The last remnants of the net neutrality rules is a 2016 Court of Appeals for the District of Columbia ruling to uphold the reclassification of internet service providers as common carriers (which was originally passed in 2015), one of Wheeler’s final acts as Chairman of the FCC. However, lawyers are now arguing the ridiculously named ‘Restoring Internet Freedom’ proposal has sufficiently changed the regulatory and commercial environment enough to justify the courts ditching the final footnotes of Tom Wheeler’s FCC tenure.

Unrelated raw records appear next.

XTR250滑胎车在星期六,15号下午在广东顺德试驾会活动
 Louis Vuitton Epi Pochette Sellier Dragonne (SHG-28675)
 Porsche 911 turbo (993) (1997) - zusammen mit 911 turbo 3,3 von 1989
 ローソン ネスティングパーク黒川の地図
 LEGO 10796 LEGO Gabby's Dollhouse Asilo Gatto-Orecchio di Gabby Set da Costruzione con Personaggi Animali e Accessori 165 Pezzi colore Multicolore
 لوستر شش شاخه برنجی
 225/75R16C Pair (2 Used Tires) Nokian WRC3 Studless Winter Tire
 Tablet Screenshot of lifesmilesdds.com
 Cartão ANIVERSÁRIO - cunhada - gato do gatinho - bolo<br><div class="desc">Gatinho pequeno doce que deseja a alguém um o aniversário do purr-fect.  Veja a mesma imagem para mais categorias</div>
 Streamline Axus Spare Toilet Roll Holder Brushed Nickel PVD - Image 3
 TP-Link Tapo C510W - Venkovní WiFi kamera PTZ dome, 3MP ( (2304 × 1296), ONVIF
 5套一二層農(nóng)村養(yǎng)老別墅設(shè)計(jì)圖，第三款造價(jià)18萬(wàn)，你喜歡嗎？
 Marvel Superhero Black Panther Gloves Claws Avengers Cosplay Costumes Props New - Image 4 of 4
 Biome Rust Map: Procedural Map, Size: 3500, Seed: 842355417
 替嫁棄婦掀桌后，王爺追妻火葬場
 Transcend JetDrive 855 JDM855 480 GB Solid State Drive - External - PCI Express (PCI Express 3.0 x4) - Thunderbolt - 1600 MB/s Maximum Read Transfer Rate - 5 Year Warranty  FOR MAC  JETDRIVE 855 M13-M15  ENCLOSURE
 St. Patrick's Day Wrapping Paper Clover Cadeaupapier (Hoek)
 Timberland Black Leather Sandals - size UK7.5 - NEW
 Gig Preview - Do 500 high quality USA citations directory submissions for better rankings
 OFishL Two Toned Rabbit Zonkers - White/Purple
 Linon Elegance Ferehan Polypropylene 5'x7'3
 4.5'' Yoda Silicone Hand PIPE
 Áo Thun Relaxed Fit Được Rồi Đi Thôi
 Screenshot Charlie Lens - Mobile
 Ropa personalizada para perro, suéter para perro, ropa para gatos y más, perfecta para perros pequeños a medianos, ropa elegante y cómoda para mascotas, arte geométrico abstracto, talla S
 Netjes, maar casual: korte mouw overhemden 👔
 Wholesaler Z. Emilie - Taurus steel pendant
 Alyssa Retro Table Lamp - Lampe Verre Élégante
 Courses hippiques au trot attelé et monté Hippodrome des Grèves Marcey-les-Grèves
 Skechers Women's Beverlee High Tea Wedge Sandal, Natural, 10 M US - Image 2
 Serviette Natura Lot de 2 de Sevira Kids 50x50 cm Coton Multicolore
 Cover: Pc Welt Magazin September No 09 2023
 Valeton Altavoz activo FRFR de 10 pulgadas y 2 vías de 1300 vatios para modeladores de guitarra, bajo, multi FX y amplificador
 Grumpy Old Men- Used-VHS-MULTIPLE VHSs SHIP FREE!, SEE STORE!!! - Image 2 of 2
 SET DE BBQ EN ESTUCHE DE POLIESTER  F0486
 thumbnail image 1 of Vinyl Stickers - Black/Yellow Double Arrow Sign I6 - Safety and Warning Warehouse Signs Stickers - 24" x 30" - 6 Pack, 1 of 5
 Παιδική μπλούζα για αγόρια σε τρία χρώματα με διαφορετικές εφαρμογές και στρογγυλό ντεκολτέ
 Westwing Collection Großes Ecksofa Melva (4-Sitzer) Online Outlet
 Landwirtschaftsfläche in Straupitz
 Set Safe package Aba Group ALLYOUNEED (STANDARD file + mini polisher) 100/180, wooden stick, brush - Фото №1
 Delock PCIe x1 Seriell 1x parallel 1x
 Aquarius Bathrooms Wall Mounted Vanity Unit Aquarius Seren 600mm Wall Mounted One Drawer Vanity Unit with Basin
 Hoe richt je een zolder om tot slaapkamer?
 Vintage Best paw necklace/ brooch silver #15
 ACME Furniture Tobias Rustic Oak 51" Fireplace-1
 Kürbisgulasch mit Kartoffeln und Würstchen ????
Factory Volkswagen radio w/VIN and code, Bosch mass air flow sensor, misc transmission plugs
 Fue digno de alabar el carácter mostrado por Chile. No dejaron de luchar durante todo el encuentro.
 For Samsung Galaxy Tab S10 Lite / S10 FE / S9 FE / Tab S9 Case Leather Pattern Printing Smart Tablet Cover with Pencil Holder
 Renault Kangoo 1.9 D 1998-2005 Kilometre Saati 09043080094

“The petitions for writs of certiorari seek review of the court of appeals’ decision upholding the 2015 Order,” the filing states. “That decision does not warrant this Court’s review because the FCC has now issued a new order that supersedes the 2015 Order and repeals its conduct rules. In light of that development, questions concerning the procedural and substantive validity of the 2015 Order lack continuing practical significance.”
What is worth noting is this is not the first action against 2015 ruling. Lobby groups across the US are trying to tackle the reclassification and have launched their own appeal to the US Supreme Court last September, claiming the FCC exceeded its authority, and also didn’t do enough to justify its decision. While the rules themselves have been erased, there is a big picture motive for the industry.
As it stands, telcos are perfectly within their rights to wander down the route of zero rating offers or even venture into the land of paid-prioritization of internet traffic. Individual states are attempting to introduce their own legislation, but, as you can see from this link, lobby groups and Republican politicians are doing their best to stall the progress of these bills. So why bother taking down this legislation when it has no impact on today?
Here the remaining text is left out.